• Records for the exercise:
——————————
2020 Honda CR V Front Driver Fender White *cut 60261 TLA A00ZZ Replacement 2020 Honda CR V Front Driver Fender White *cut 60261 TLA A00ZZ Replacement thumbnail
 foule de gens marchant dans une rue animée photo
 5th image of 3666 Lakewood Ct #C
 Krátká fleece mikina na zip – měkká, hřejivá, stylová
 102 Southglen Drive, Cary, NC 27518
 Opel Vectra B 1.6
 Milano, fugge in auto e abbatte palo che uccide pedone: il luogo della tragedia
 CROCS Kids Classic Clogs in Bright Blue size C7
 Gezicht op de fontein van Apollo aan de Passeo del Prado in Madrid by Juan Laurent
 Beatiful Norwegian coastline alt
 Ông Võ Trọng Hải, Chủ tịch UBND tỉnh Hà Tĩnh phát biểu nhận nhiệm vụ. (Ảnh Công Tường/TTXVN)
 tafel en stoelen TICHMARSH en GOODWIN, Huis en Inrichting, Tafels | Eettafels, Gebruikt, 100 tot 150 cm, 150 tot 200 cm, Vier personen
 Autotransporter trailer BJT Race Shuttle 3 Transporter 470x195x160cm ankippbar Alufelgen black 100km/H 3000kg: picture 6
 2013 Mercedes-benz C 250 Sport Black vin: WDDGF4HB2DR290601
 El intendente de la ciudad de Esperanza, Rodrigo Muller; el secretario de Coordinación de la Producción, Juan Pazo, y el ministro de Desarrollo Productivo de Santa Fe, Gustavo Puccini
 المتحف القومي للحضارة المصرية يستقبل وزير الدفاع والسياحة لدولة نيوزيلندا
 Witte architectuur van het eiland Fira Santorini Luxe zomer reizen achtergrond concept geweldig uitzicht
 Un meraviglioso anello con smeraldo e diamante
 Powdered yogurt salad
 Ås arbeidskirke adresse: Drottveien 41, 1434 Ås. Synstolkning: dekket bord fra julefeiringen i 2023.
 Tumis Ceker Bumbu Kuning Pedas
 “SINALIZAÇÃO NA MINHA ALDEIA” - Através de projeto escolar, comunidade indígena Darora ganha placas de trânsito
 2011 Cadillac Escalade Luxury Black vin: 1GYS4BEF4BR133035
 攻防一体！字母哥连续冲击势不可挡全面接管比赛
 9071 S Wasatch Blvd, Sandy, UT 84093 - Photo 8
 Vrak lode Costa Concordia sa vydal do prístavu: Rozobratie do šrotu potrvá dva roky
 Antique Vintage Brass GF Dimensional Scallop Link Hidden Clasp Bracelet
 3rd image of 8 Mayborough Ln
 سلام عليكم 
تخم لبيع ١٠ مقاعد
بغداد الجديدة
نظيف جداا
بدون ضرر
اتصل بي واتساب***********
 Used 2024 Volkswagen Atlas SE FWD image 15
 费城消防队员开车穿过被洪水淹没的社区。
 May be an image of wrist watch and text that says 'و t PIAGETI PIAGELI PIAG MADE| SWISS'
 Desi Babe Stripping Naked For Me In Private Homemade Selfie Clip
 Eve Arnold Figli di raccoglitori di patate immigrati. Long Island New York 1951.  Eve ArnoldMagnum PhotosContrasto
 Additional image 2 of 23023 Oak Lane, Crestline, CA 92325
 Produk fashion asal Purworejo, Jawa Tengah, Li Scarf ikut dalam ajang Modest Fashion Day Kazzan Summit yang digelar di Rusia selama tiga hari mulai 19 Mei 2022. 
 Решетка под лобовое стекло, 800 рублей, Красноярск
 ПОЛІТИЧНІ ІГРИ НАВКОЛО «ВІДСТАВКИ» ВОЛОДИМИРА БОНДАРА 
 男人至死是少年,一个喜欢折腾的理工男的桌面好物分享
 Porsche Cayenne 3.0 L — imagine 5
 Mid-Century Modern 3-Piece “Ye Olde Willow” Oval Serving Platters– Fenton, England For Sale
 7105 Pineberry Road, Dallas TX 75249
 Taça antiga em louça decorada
——————————
Each record above must be given again exactly.

2020 Honda CR V Front Driver Fender White *cut 60261 TLA A00ZZ Replacement 2020 Honda CR V Front Driver Fender White *cut 60261 TLA A00ZZ Replacement thumbnail
 foule de gens marchant dans une rue animée photo
 5th image of 3666 Lakewood Ct #C
 Krátká fleece mikina na zip – měkká, hřejivá, stylová
 102 Southglen Drive, Cary, NC 27518
 Opel Vectra B 1.6
 Milano, fugge in auto e abbatte palo che uccide pedone: il luogo della tragedia
 CROCS Kids Classic Clogs in Bright Blue size C7
 Gezicht op de fontein van Apollo aan de Passeo del Prado in Madrid by Juan Laurent
 Beatiful Norwegian coastline alt
 Ông Võ Trọng Hải, Chủ tịch UBND tỉnh Hà Tĩnh phát biểu nhận nhiệm vụ. (Ảnh Công Tường/TTXVN)
 tafel en stoelen TICHMARSH en GOODWIN, Huis en Inrichting, Tafels | Eettafels, Gebruikt, 100 tot 150 cm, 150 tot 200 cm, Vier personen
 Autotransporter trailer BJT Race Shuttle 3 Transporter 470x195x160cm ankippbar Alufelgen black 100km/H 3000kg: picture 6
 2013 Mercedes-benz C 250 Sport Black vin: WDDGF4HB2DR290601
 El intendente de la ciudad de Esperanza, Rodrigo Muller; el secretario de Coordinación de la Producción, Juan Pazo, y el ministro de Desarrollo Productivo de Santa Fe, Gustavo Puccini
 المتحف القومي للحضارة المصرية يستقبل وزير الدفاع والسياحة لدولة نيوزيلندا
 Witte architectuur van het eiland Fira Santorini Luxe zomer reizen achtergrond concept geweldig uitzicht
 Un meraviglioso anello con smeraldo e diamante
 Powdered yogurt salad
 Ås arbeidskirke adresse: Drottveien 41, 1434 Ås. Synstolkning: dekket bord fra julefeiringen i 2023.
 Tumis Ceker Bumbu Kuning Pedas
 “SINALIZAÇÃO NA MINHA ALDEIA” - Através de projeto escolar, comunidade indígena Darora ganha placas de trânsito
 2011 Cadillac Escalade Luxury Black vin: 1GYS4BEF4BR133035
 攻防一体！字母哥连续冲击势不可挡全面接管比赛
 9071 S Wasatch Blvd, Sandy, UT 84093 - Photo 8
 Vrak lode Costa Concordia sa vydal do prístavu: Rozobratie do šrotu potrvá dva roky
 Antique Vintage Brass GF Dimensional Scallop Link Hidden Clasp Bracelet
 3rd image of 8 Mayborough Ln
 سلام عليكم 
تخم لبيع ١٠ مقاعد
بغداد الجديدة
نظيف جداا
بدون ضرر
اتصل بي واتساب***********
 Used 2024 Volkswagen Atlas SE FWD image 15
 费城消防队员开车穿过被洪水淹没的社区。
 May be an image of wrist watch and text that says 'و t PIAGETI PIAGELI PIAG MADE| SWISS'
 Desi Babe Stripping Naked For Me In Private Homemade Selfie Clip
 Eve Arnold Figli di raccoglitori di patate immigrati. Long Island New York 1951.  Eve ArnoldMagnum PhotosContrasto
 Additional image 2 of 23023 Oak Lane, Crestline, CA 92325
 Produk fashion asal Purworejo, Jawa Tengah, Li Scarf ikut dalam ajang Modest Fashion Day Kazzan Summit yang digelar di Rusia selama tiga hari mulai 19 Mei 2022. 
 Решетка под лобовое стекло, 800 рублей, Красноярск
 ПОЛІТИЧНІ ІГРИ НАВКОЛО «ВІДСТАВКИ» ВОЛОДИМИРА БОНДАРА 
 男人至死是少年,一个喜欢折腾的理工男的桌面好物分享
 Porsche Cayenne 3.0 L — imagine 5
 Mid-Century Modern 3-Piece “Ye Olde Willow” Oval Serving Platters– Fenton, England For Sale
 7105 Pineberry Road, Dallas TX 75249
 Taça antiga em louça decorada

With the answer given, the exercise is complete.